» **Supplied information**:
============
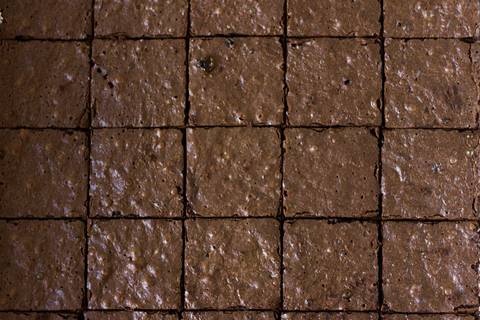 Brownie de Chocolate feito com ovos, farinha de coco, óleo de coco banana, passas, farinha de chia, açúcar mascavo, canela, e chocolate em pó'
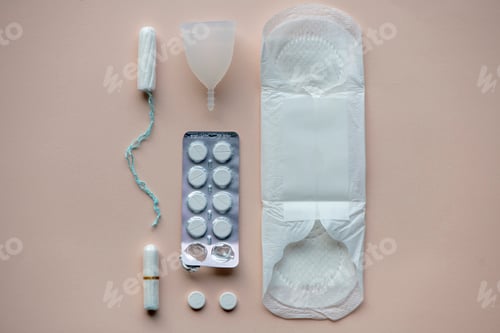 Preview: Female hygiene products lay out on a bed. Paracetamol, Sanitary pad, tampon, Chocolate,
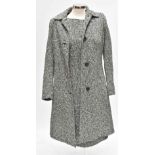 AKRIS; a black and white tweed shift dress and full length coat, (size US 12) (2).
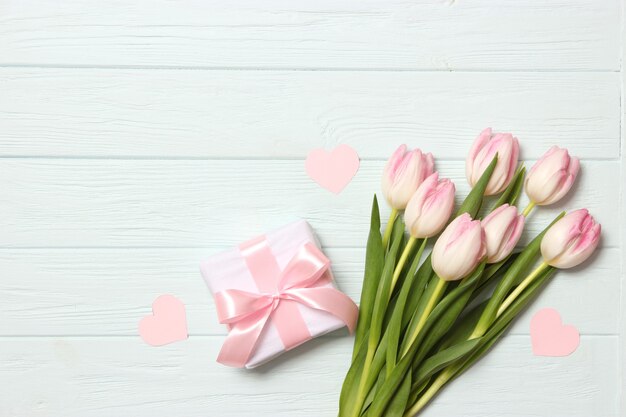 A bouquet of beautiful tulips and a gift on a wooden background top view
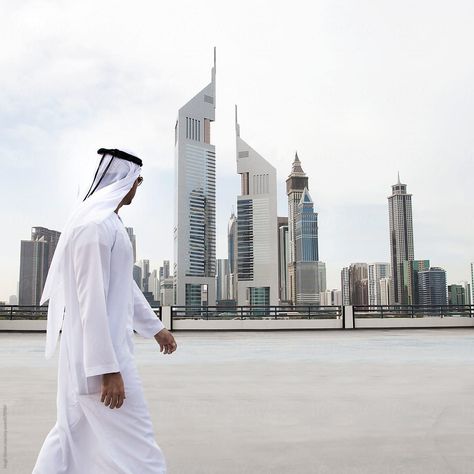 Businessman wearing traditional dress. Business district, Dubai. U.A.E by Hugh Sitton - Stocksy United #stockphoto #stock #diversity #business Corporate Sponsorship, Dubai Photoshoot, Dubai Business, Dubai Aesthetic, Business Setup, Dress Business, Business District, Business Technology, Business Dresses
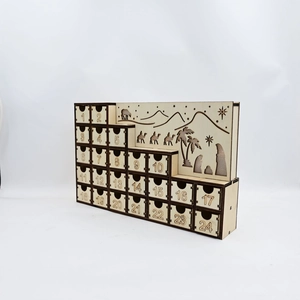 Macro detail of wooden Advent calendar drawers with engraved nativity silhouettes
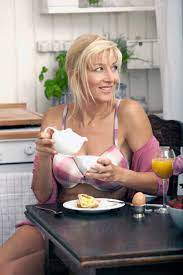 Deutschland, München, Reife Frau beim Frühstück in der Küche, lizenzfreies  Stockfoto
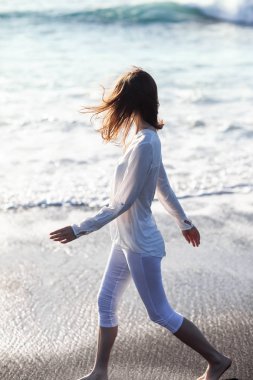 Beyaz giysili sahilde yürüyen mutlu kadın. Özgürlük kavramı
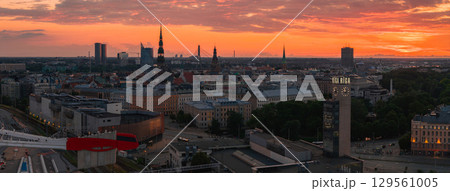 Riga's skyline at sunset features St. Peter's Church, Riga Cathedral, the Daugava River, Vansu Bridge, and modern buildings in the foreground. Riga's skyline at sunset features St. Peter's Church, Riga Cathedral, the Daugava River, Vansu Bridge, and modern buildings in the foreground. 129561005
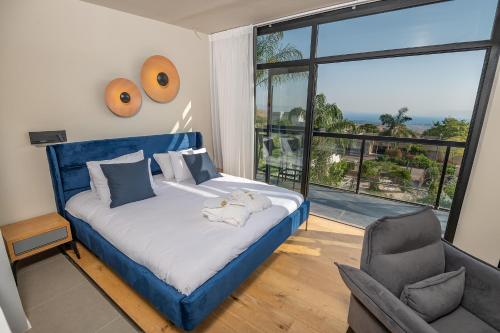 a bedroom with a blue bed and a chair and a window at yoga Lake view in Had Nes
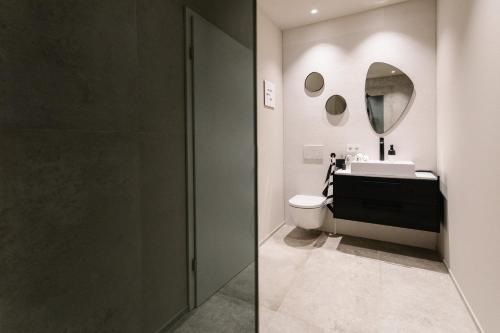 a bathroom with a sink and a toilet and a mirror at Exklusive Design Appartement Magnolia Neubau in Pfungstadt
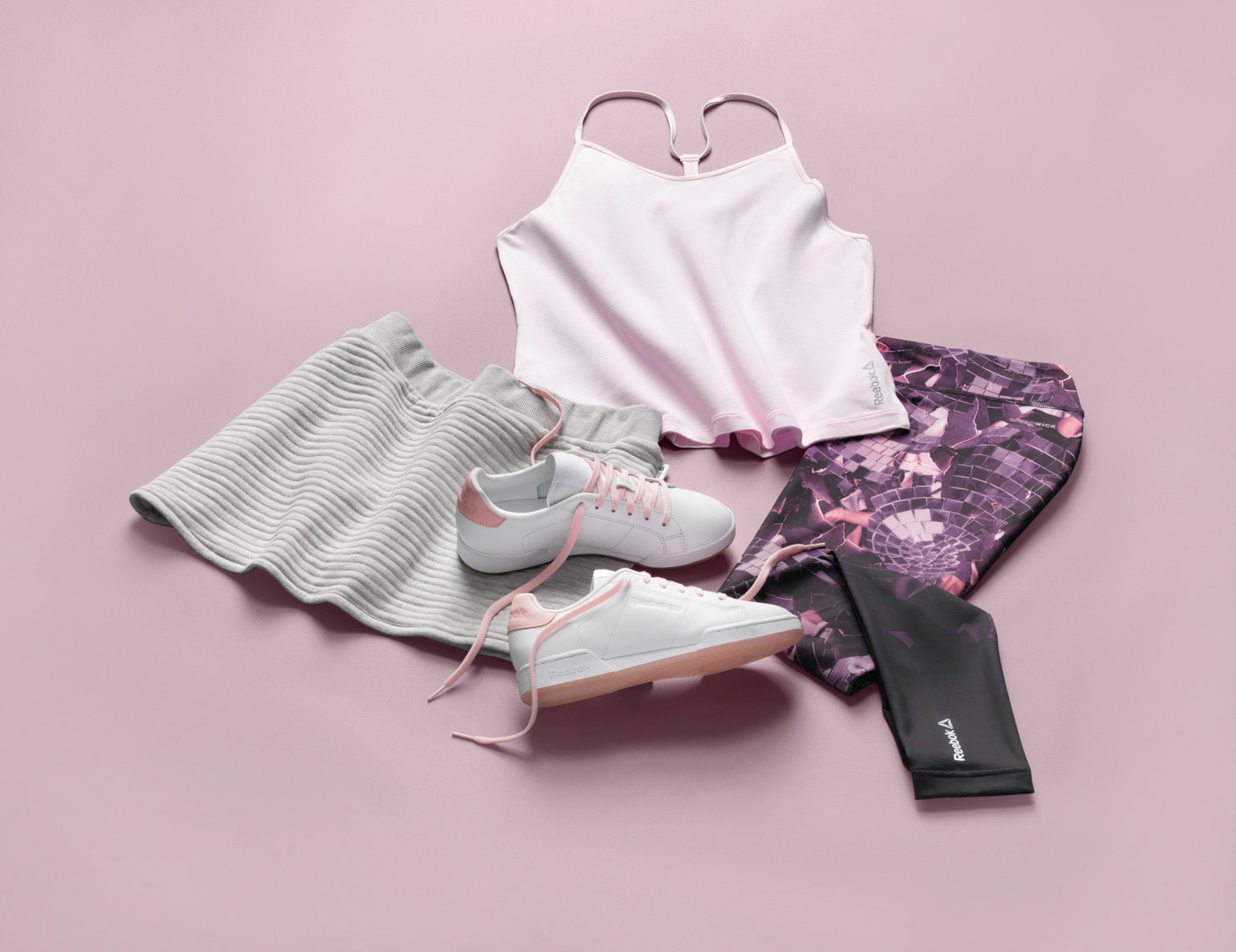 womens workout clothes on a pink background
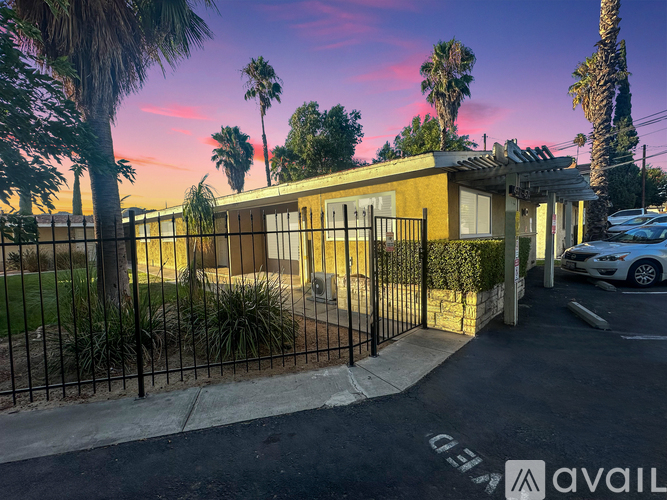 A house with a carport and a car parked in front.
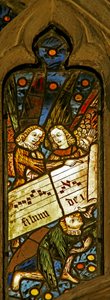 Window depicting the angelic choir with musical score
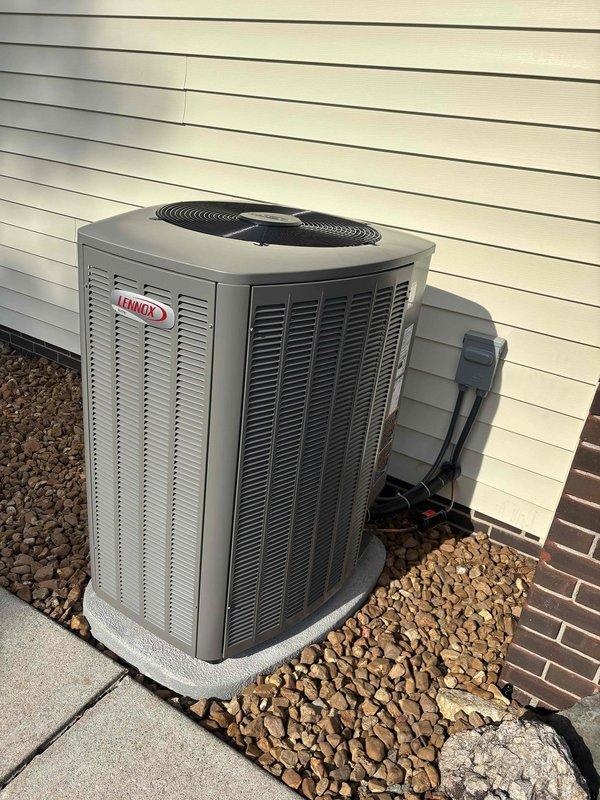 Completed full system installation of Lennox horizontal configuration air conditioning unit and gas furnace. Installed outdoor condensing unit on concrete pad with proper clearances, secured electrical disconnect, and verified system operation with ambient temperature reading of 72°F. Unit positioned with appropriate landscaping rock surround and mounted against building exterior per manufacturer specifications.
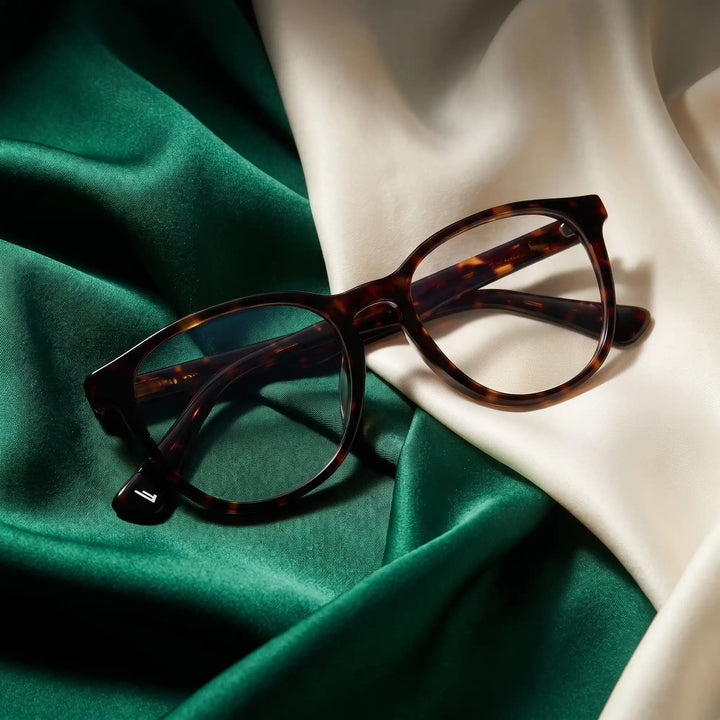 Anteojos Fiore 7046 en tortoiseshell – resting on draped emerald and ivory silk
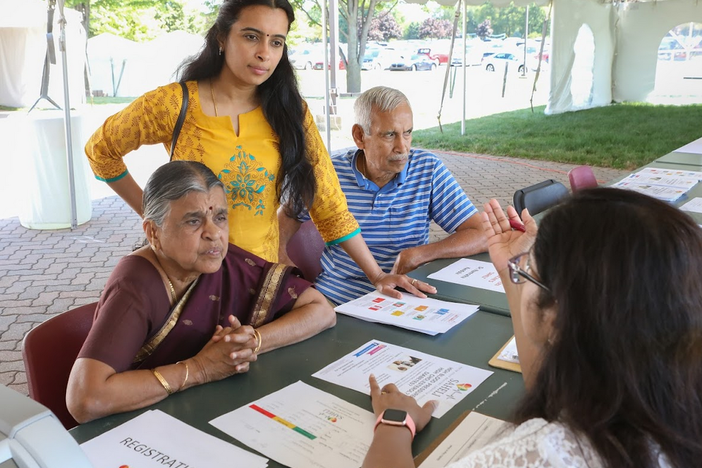 Attendees at a health fair at the  Balaji Temple, in Aurora, Ill., learn about the SAHELI diabetes prevention program.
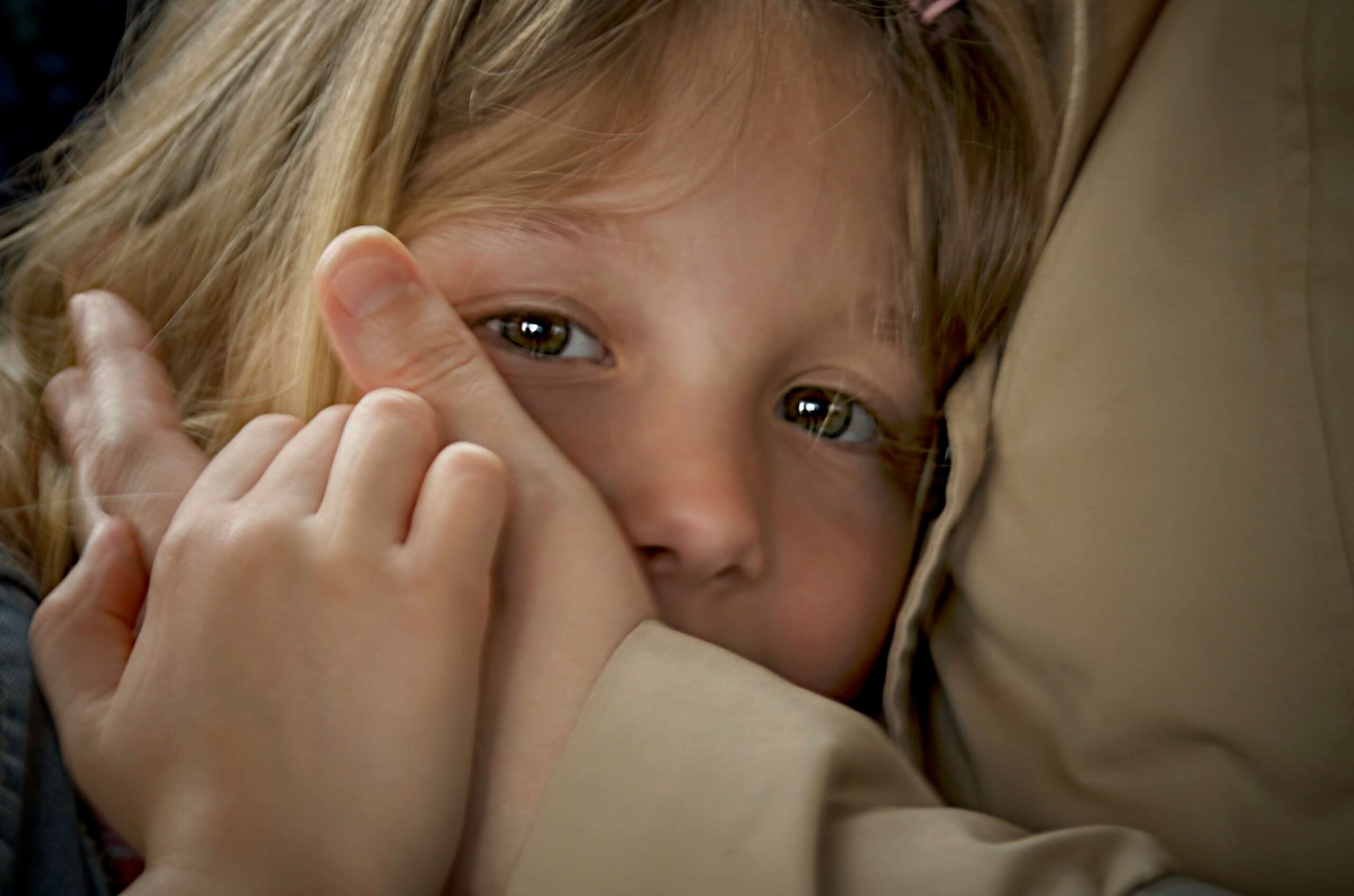 child hugging and adult - face being held by adult hands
============
» **What you will do**: Once the pictures are set aside, copy the remaining text of every entry exactly.

» **Exercise solution**:
 Brownie de Chocolate feito com ovos, farinha de coco, óleo de coco banana, passas, farinha de chia, açúcar mascavo, canela, e chocolate em pó'
 Preview: Female hygiene products lay out on a bed. Paracetamol, Sanitary pad, tampon, Chocolate,
 AKRIS; a black and white tweed shift dress and full length coat, (size US 12) (2).
 A bouquet of beautiful tulips and a gift on a wooden background top view
 Businessman wearing traditional dress. Business district, Dubai. U.A.E by Hugh Sitton - Stocksy United #stockphoto #stock #diversity #business Corporate Sponsorship, Dubai Photoshoot, Dubai Business, Dubai Aesthetic, Business Setup, Dress Business, Business District, Business Technology, Business Dresses
 Macro detail of wooden Advent calendar drawers with engraved nativity silhouettes
 Deutschland, München, Reife Frau beim Frühstück in der Küche, lizenzfreies  Stockfoto
 Beyaz giysili sahilde yürüyen mutlu kadın. Özgürlük kavramı
 Riga's skyline at sunset features St. Peter's Church, Riga Cathedral, the Daugava River, Vansu Bridge, and modern buildings in the foreground. Riga's skyline at sunset features St. Peter's Church, Riga Cathedral, the Daugava River, Vansu Bridge, and modern buildings in the foreground. 129561005
 a bedroom with a blue bed and a chair and a window at yoga Lake view in Had Nes
 a bathroom with a sink and a toilet and a mirror at Exklusive Design Appartement Magnolia Neubau in Pfungstadt
 womens workout clothes on a pink background
 A house with a carport and a car parked in front.
 Window depicting the angelic choir with musical score
 Completed full system installation of Lennox horizontal configuration air conditioning unit and gas furnace. Installed outdoor condensing unit on concrete pad with proper clearances, secured electrical disconnect, and verified system operation with ambient temperature reading of 72°F. Unit positioned with appropriate landscaping rock surround and mounted against building exterior per manufacturer specifications.
 Anteojos Fiore 7046 en tortoiseshell – resting on draped emerald and ivory silk
 Attendees at a health fair at the  Balaji Temple, in Aurora, Ill., learn about the SAHELI diabetes prevention program.
 child hugging and adult - face being held by adult hands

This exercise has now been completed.